Shane Oliver of AMP Capital Investors explains to CNBC-TV18 that with the fiscal cliff in the US nearing resolution, economically healthier emerging markets and the presence of stimulus halting the crisis in the euro-zone, global markets are set to rise all through 2013.
Oliver adds that Indian markets will gain momentum on improvement in growth and increased inflows as overseas investors start to focus on equities again. Below is an edited transcript of the analysis on CNBC-TV18 Q: Will there be a resolution to the fiscal cliff by the end of December that global markets will react to?
A: The discussions between politicians in the US led by President Obama and House Republican leader John Boehner seem to be progressing. I think there is a reasonable chance that there will be a deal by the end of next week which will allay investors’ fears about a recession in the US. Q: This has been a good year for equities. Do you foresee a pullback in global equities in January or is the momentum strong?
A: I think there certainly is a risk of a pullback in late January-February. Often the seasonal pattern that we see in share markets is after a sort of correction sometime usually around the September quarter but it could go into November, then there is a rally through December and the strongest period of course is around Christmas and New Year in western calendars which is called the Santa Claus rally.
In January, the markets are reasonable, but in February the markets get softer and that would coincide with the Italian election which will probably cause a little bit of uncertainty and the need for Spain to seek assistance bailout funds from the ECB.
So, yes there might be a bit of a correction sometime around February, but by the same token I think the fact that tail risks or risks of extreme meltdown globally are gradually receding. There is a lot of monetary stimulus and the emerging markets are starting to look somewhat healthier. All of these factors suggest that markets will continue to rise through the course of next year. Q: What is your expectation from 2013 as a year for equities and how are you positioning yourself in terms of the big bets that you are taking for next year?
A: Interestingly, the year 2012 despite all the worries, was a year of double-digit returns whether it is the emerging markets or Europe. Believe it or not, Europe, in terms of actual returns after adding in dividends, was one of the markets offering the strongest returns. There were good returns in the US market too. So, most markets have done pretty well over the last year and I think we will see the same thing next year, probably a bit lower, but overall, I would say offering reasonably good returns.
However, markets certainly are not as cheap as they were at this time a year ago. Price-to-earnings multiples have increased by 1 to 2 points. In other words, it has increased from around 10 times high to around 11-12 times.
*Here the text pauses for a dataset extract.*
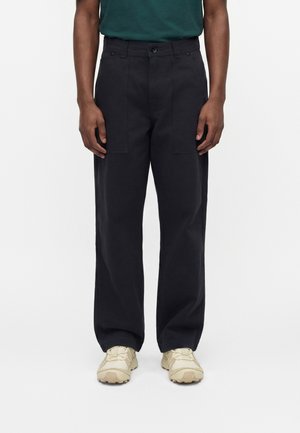 Άνδρας με μαύρο παντελόνι ίσιας γραμμής με μεγάλες μπροστινές τσέπες, μπεζ αθλητικά παπούτσια και πράσινο πουκάμισο, στέκεται μπροστά σε απλό λευκό φόντο.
So markets have gone higher and valuations have become more expensive.
But by the same token, the liquidity backdrop has become very easy and I think during the course of the year, increased confidence will see profit growth start to pick up whereas during the course of 2012, profit growth slowed down. So I think there will be another year of reasonably good returns on offer.
Probably seeing the emerging markets and European markets continuing to outperform because they are amongst the world’s cheapest, with the US probably still doing well, but I think the US has been a star performer over the last couple of years and it might start to take a bit of a backseat. Q: What about the expectations in terms of flows for next year?
A: Yes, the flows will be interesting. Obviously, during the difficult period in 2011, the flows that went to emerging markets dried up and investors in the US and Europe kept their money at home and of course where I administrate, a lot of that money went simply into bank deposits.
I think if we moved to an environment where the global recovery continues albeit at a relatively subdued rate and where share markets are still on a rising trend, then some of those flows should start to return and to become more portfolio-based as investors start to become a bit more confident. So I think the flows will become more positive in the emerging world over the next 12 months, including India. Q: What is your prognosis on a market like India then going into next year?
A: The Indian share market is doing reasonably well. It is certainly not the cheapest market in Asia. You have probably got to head north in Asia to find cheaper markets such as China and South Korea. So the valuations are not quite as attractive. The growth pick-up will probably gradually start to come through.
There should see a bit more momentum through the course of the year, with growth sort of picking up to around 6 percent and I think that should underpin reasonable gains out of the Indian share market. But in the global context, I would probably put it around average. I see global emerging markets returning somewhere around 15 percent and I think there will see a fairly similar returns from the Indian share market.